━━━━━ DATA FOR ANALYSIS

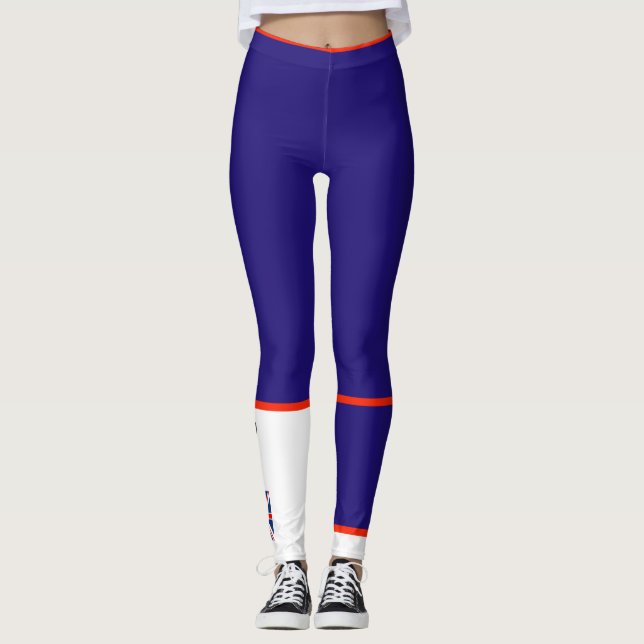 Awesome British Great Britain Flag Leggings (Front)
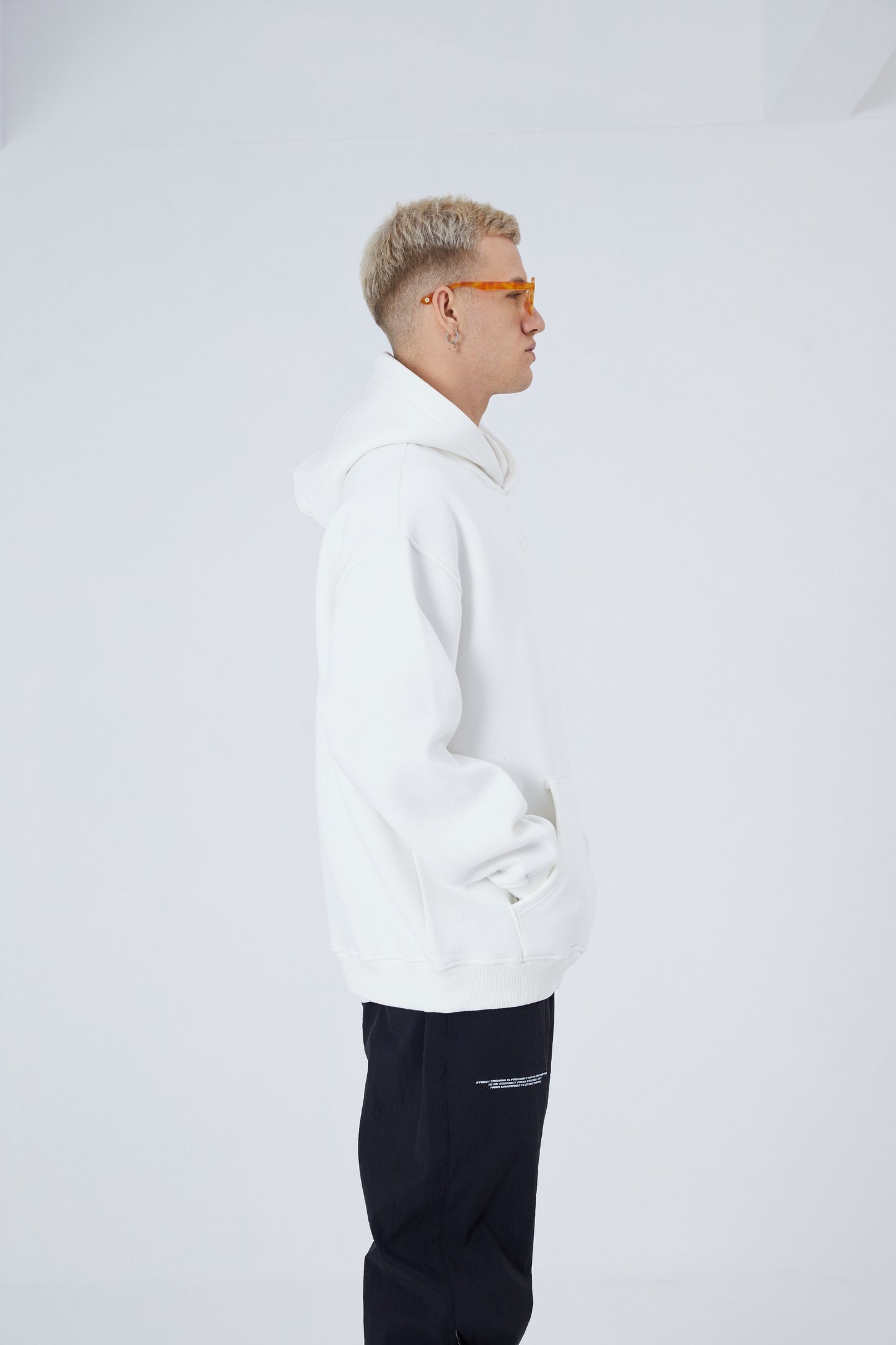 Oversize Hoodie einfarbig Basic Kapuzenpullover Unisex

━━━━━━━━━━
━━━━━ DATA FOR ANALYSIS

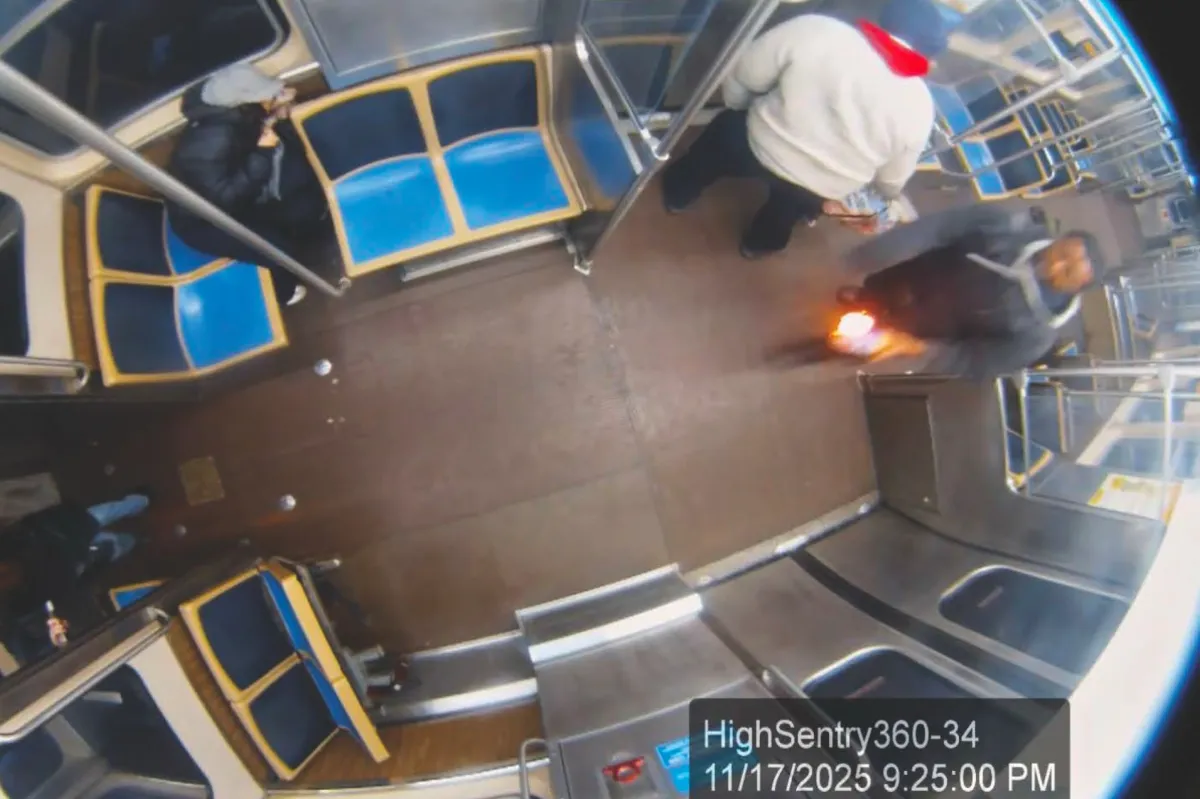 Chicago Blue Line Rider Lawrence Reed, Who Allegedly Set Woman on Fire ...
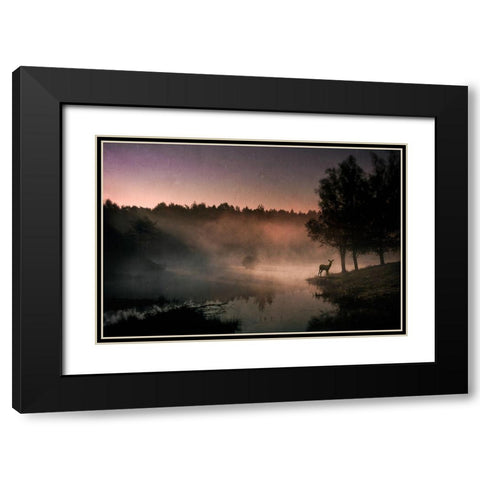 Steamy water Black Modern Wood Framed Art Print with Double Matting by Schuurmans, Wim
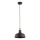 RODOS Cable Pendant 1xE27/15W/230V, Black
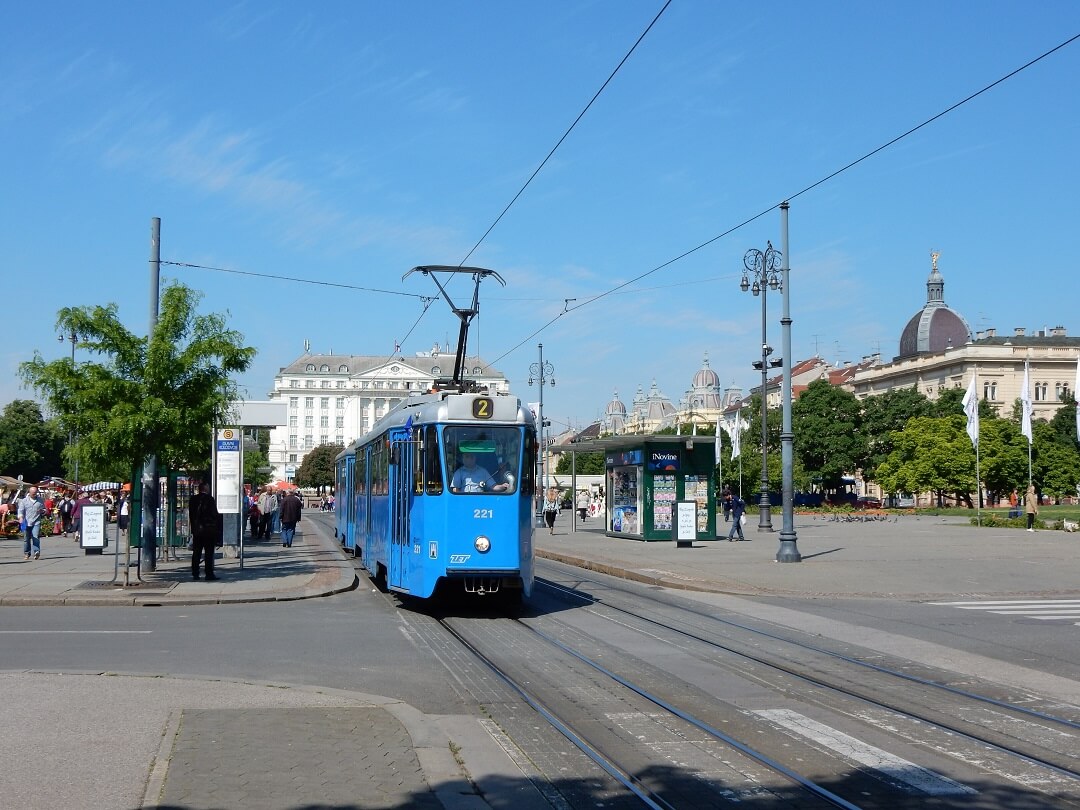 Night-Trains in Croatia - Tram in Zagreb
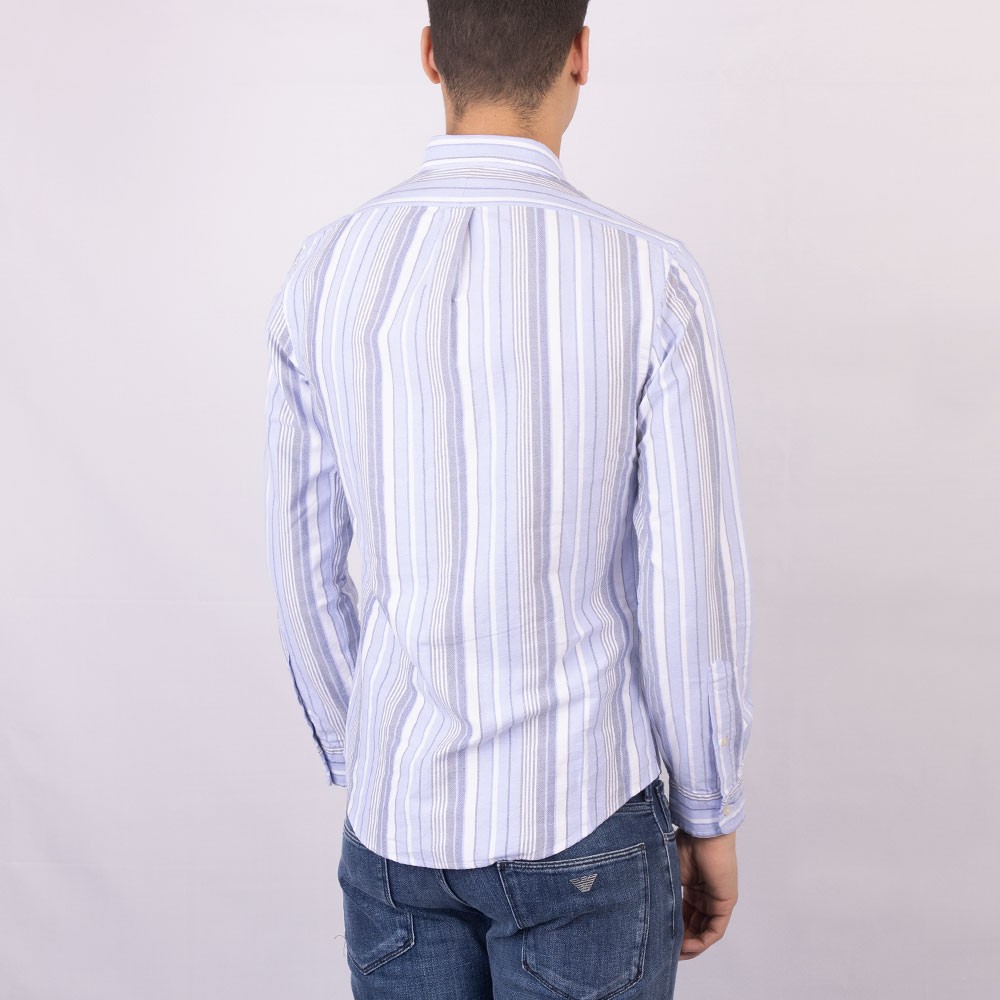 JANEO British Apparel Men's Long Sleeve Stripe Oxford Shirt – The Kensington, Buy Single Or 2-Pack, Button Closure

━━━━━━━━━━

■ PROBLEM TO SOLVE ■
From the records above, write out exactly the lines that begin at the line with "Night-Trains in Croatia - Tram in Zagreb" and end at the line with "JANEO British Apparel". Pictures must not appear in the output.

■ TASK ANSWER ■
 Night-Trains in Croatia - Tram in Zagreb
 JANEO British Apparel Men's Long Sleeve Stripe Oxford Shirt – The Kensington, Buy Single Or 2-Pack, Button Closure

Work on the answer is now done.